Além disso, a pesquisa também descobriu que, no Nordeste, metade (46%) das famílias entrevistadas tiveram menos comida para a família do que precisavam. O índice é o mesmo entre as famílias pretas do Brasil. Já na região Sul, cai para apenas 18%. E, entre brancos, para 28%.

Mais de um ano após a adoção do ensino remoto, ainda há pelo menos 677 redes municipais de educação que não garantem a alimentação escolar de seus estudantes. Isso significa que seus 2,7 milhões de alunos perderam as refeições que faziam na escola e não estão recebendo esses mantimentos em casa, segundo dados do Painel de Monitoramento da Educação Básica no Contexto da Pandemia, da Universidade Federal de Goiás (UFG) com apoio do MEC.

Com níveis alarmantes de infecção e mortes diárias, além da demora na vacinação, o Brasil foi um dos países que teve escolas fechadas por mais tempo.

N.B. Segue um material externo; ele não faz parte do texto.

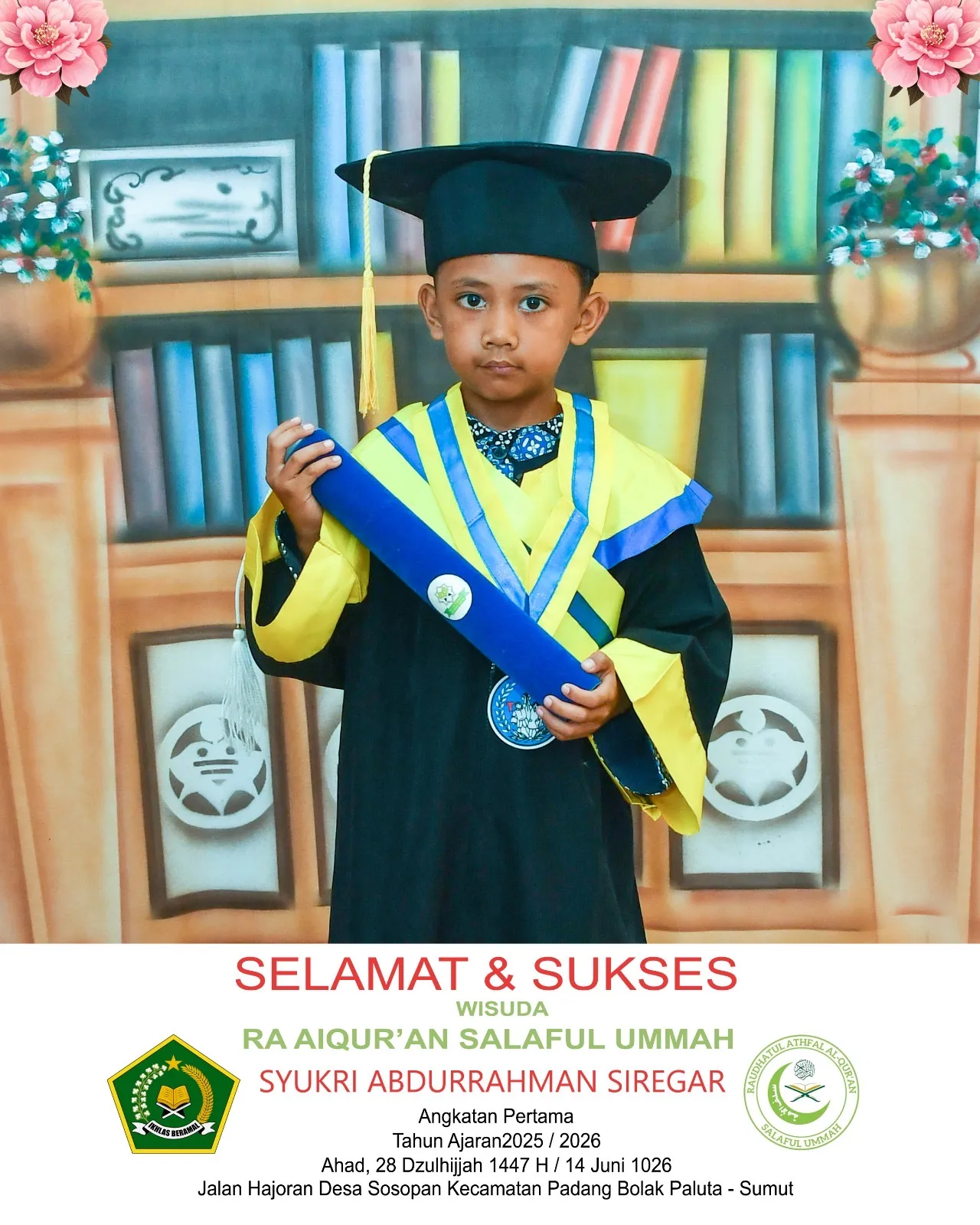 Wisudawan RA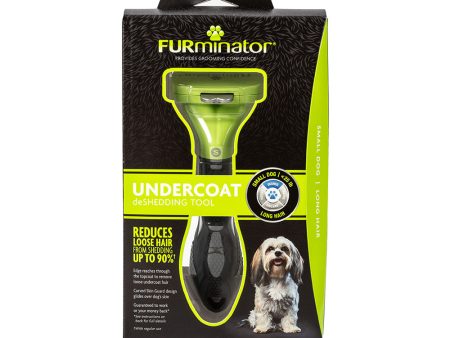 Furminator Long Hair Deshedding Tool Small Dog For Cheap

Em 2020, foram 279 dias, em média, de suspensão de aulas presenciais durante o ano letivo.

Em 2021, a volta presencial massiva só deve acontecer em agosto, com a maior parte das escolas públicas no sistema híbrido — em que parte das aulas são ministradas presencialmente e outra à distância.

No entanto, a decisão de reabertura de escolas ainda sofre resistência de setores das famílias e dos profissionais da educação, que — na maior parte da categoria — só será plenamente imunizada com duas doses em setembro.